Sunday, September 19, 2021

The Post Office and Fuzzy Slippers

| December 27, 2018 12:00 AM

Narrow brass-faced boxes march in military precision on all the walls of the Bonners Ferry Post Office. The chatter of keys being inserted into locks harmonize with the squeak of athletic shoes, accented by the staccato cadence of boots echoing below high ceilings. The faces of our neighbors, known and unknown, reflect resignation, frustration and boredom.

These neighbors are in a hurry to post packages, retrieve packages with yellow slips, and buy those things that will connect them with a larger community than ours. I rather enjoy that mandatory pause in line. We all stand there watching as the harried postal worker repeats the same information over and over. Some of these line people know exactly what they need. Others haven’t a clue. That is usually me. Too many choices, too much information, all those boxes and mailing envelopes, stamps with pretty pictures ...

And the questions? Honestly, if I were actually posting a package with potentially harmful, smelly substances, or a weapon, to someone I detested, would I admit it? Being who I am, I would rather deliver it in person as a delusional statement of punishment. And it would not be local. I haven’t found anyone in Bonners Ferry to dislike, much less send a surprise package like that to.

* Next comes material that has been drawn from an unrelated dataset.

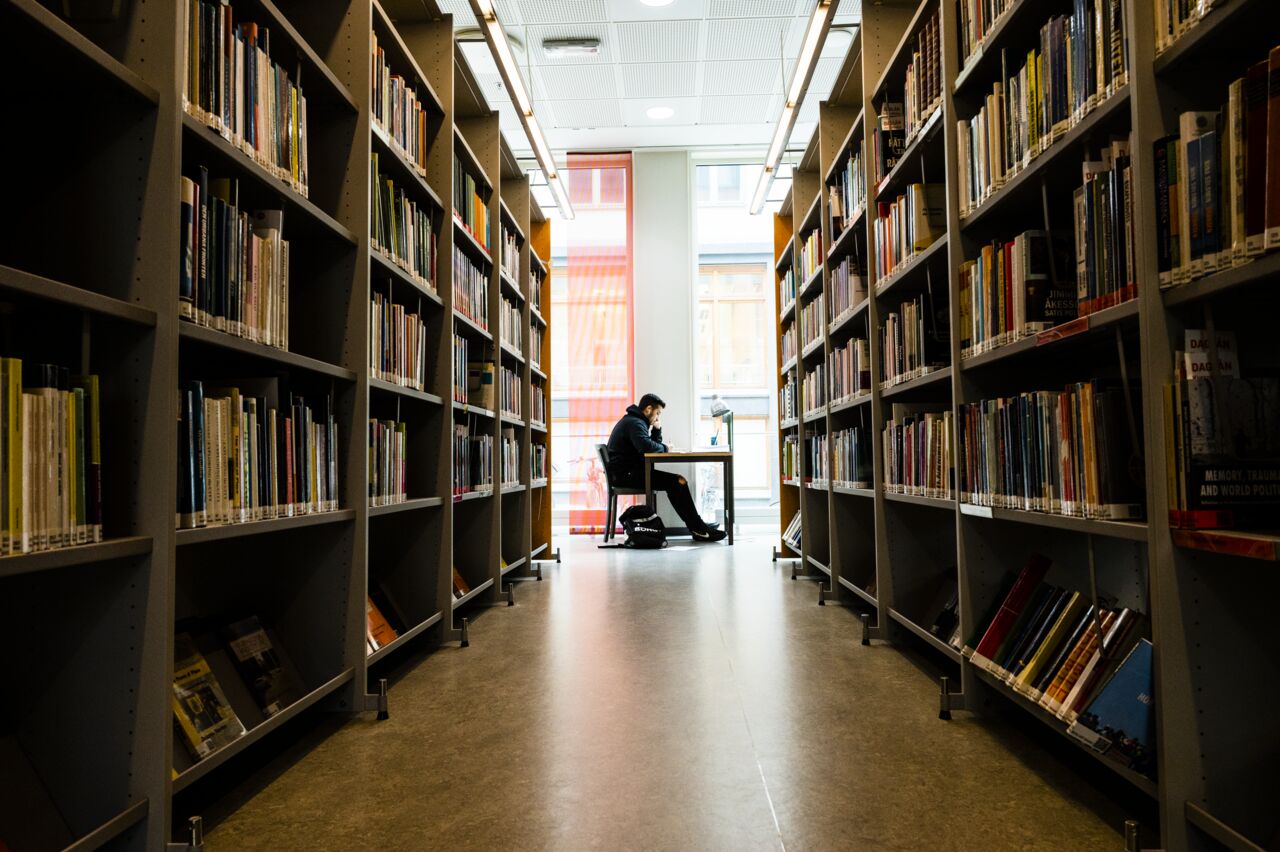 Two rows of book shelves. In the background and in the space between the shelves, there is a reading student  seated at a table.
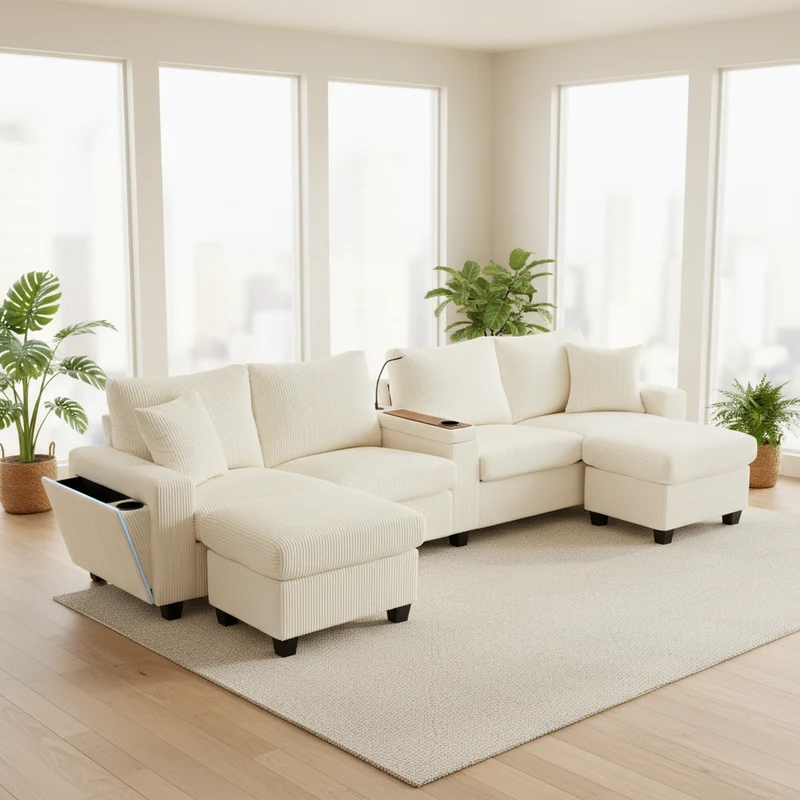 Canapé d'angle en U en velours côtelé beige avec 2 poufs coffres, lampe, ports USB/Type-C et LED 334x128,5x81cm FLAREVORN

Those long lines give us plenty of time to think. When I am done surfing my own imagination, I open up conversation with those lucky people in front or behind me. This is fun. It is an opportunity to learn something, make a friend or improve my questionable social skills through rejection. Who cares? I may never see these people again. And if I do, I won’t make eye contact. Making eye contact is one of the delightful aspects of Bonners Ferry. Who hates a person smiling and waving at you? And if you do, shame on you for being a grump and a hater. Standing in line is a chance to entertain or be entertained.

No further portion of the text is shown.